According to an optional aspect of the invention the detecting device is connected to the heater switch. The heater switch is adapted to be controlled by information from the detecting device. Thanks to these provisions it is possible to detect, in a simple and reliable way, an external source of electric energy and activate the heater despite of the vehicle being not in operation.

According to an optional aspect of the invention there is a control unit arranged between the detecting device and the heater switch and the control unit is adapted to control the heater switch based on information from the detecting device. Thanks to these provisions it is possible to process inputs to determine whether the high voltage battery should be heated or not. These inputs may for example include high voltage battery temperature and /or SLI battery voltage.

At some embodiments at least one temperature sensor is connected to the control unit to provide high voltage battery temperature to the control unit. Hereby it is possible to start the battery heater only when heating is necessary. At some embodiments at least one voltage sensor may be connected to the control unit to provide SLI battery voltage to the control unit. Hereby it is possible to determine the charging status of the SLI battery and to determine if there is enough energy available in the SLI battery or if the SLI battery needs to be charged.

According to an optional aspect of the invention the means adapted to detect the connection comprises a relay adapted to close a contact switch, in which the relay is arranged in the detecting device, upon a connection of the electrical circuit to the external source of electric energy. This constitutes a simple and reliable way for detecting the connection of electric energy to the electrical circuit.

According to an optional aspect of the invention the electrical circuit comprises a charging unit adapted to charge the SLI battery. Using a charging unit makes it possible to charge the SLI battery before the battery heater is activated or to heat the high voltage battery simultaneously as charging the SLI battery, when the vehicle is not in operation. But it is also possible to heat the high voltage battery only by the use of the invention.

In accordance with the present invention there is also provided a vehicle comprising an arrangement for heating a high voltage battery according to what is mentioned above.

In accordance with the present invention there is also provided a computer program comprising program code, which program, when the program code is executed in a computer, causes the computer to effect the methods mentioned above. The invention also relates to a computer program product comprising a data storage medium which can be read by the computer and on which the program code of a computer program is stored. It is to be understood that both the foregoing general description and the following detailed description are exemplary and are intended to provide further explanation of the invention as claimed. Further features of, and advantages with, the present invention will become apparent when studying the appended claims and the following detailed description.

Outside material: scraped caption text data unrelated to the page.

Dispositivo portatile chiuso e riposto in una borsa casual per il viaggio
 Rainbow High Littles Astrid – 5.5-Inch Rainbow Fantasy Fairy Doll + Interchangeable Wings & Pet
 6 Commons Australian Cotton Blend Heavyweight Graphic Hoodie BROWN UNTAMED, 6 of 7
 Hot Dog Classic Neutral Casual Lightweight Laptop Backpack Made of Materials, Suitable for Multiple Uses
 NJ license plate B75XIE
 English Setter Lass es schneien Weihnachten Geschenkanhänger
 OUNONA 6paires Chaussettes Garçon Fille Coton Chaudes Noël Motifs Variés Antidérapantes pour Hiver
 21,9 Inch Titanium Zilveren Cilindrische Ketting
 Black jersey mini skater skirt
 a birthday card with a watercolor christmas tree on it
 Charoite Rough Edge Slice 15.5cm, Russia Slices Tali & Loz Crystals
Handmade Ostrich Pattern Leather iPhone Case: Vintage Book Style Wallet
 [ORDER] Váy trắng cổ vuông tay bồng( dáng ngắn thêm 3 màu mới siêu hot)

BRIEF DESCRIPTION OF THE DRAWINGS

The invention will now be described in greater detail with reference to the accompanying drawings in which:

Fig. 1 is a schematic view of a hybrid vehicle.

Fig. 2 is a schematic view of a control unit shown in fig.1.

Fig. 3 is a flowchart of an embodiment of the invention.

DETAILED DESCRIPTION

The invention will now be described with reference to the drawings in which some exemplary embodiment are shown. Well-known functions or constructions will not necessarily be described in detail for brevity and/or clarity.

Fig.1 shows schematically a hybrid vehicle 1 comprising a hybrid controller 2, an electrical machine 3 and an internal combustion engine 4. The hybrid vehicle 1 further comprises a high voltage battery 5 and a SLI (Starting, Lighting, Ignition-battery) battery 6. The high voltage battery 5 is arranged for providing power for the propulsion of the hybrid vehicle 1. The high voltage battery 5 is connected to the electrical machine 3. The SLI battery 6 is arranged to provide power for a low voltage DC system of the hybrid vehicle 1, including providing power to loads 28, including accessories 7 and a start motor 8 for the internal combustion engine 4. The accessories 7 may for example be electrical controllers, windshield wipers, lamps, air conditioners etc.. The high voltage battery 5 has a high DC level voltage, such as for example 400 V or 800 V, higher than the SLI battery 6, which supplies DC at a low voltage e.g. 12 or 24 V. Further, the high voltage battery 5 and/or the SLI battery 6 may be a single battery or a battery pack comprising multiple batteries that are electrically connected to each other. At some embodiments the high voltage battery 5 may be a battery of an electrically powered vehicle. The hybrid vehicle 1 shown in Fig .1 also comprises traction wheels 11, a gearbox 9 and a differential gear 10.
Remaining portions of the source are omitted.